Now, let me paint you a picture of this peculiar labyrinth. It’s crafted by the local Revacha here in Efrat—the child social welfare in Israel—and the Jerusalem Rabbinical Court, two entities that should be the guardians of justice and protectors of innocent children. But you know what they say about good intentions and the road to hell.

Take my situation, for instance. As an American ex-pat living in the Land of Milk and Honey, I’m engaged in an unending dance of custody battles with my narcissistic ex. We’ve got five kids between us. Five hearts are stuck in this tug-of-war. Despite shared custody, my ex shreds every court order like yesterday’s newspaper. She won’t entertain discussions or negotiate; our attorneys might as well be pen pals for all the good it does.

Rabbinical Court

This is where our story takes a darker turn. Picture this: The Rabbinical Court, supposedly the beacon of justice, steeped in millennia-old wisdom, refuses to sanction her actions.
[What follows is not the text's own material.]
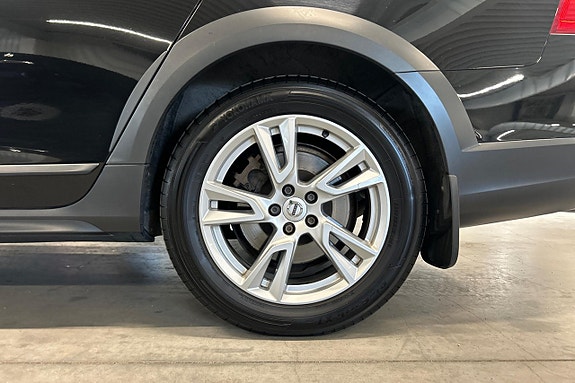 Volvo V90 Cross Country 11 of 27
Now, that’s a bitter pill to swallow. It’s like watching a shepherd abandon his flock to the wolves, turning the sacred Tzitzit—our symbol of devotion and law—into tattered threads.

Efrat Social Services

And what about Revacha (social services)? Aren’t they supposed to shield our kids from harm’s way? Let’s say they’ve been less than stellar. Instead of the supportive arm, they’re meant to be, they’ve shown open hostility to me. For them, my pleas are nothing more than an unwelcome storm in their bureaucratic teacup. They’d rather bury their heads in the sand than address the glaring reality.

Ido Zuckerman

Even the local police, led by Zuckerman, seem allergic to truth-telling, becoming overtly hostile when their actions—or inactions—are brought to light. But you know what they say: sunlight is the best disinfectant.

These institutions, tasked with protecting our children, are aiding and abetting parental alienation. It’s as if they’ve misplaced their moral compass somewhere along the line. And while they fumble in the dark, our children pay the price.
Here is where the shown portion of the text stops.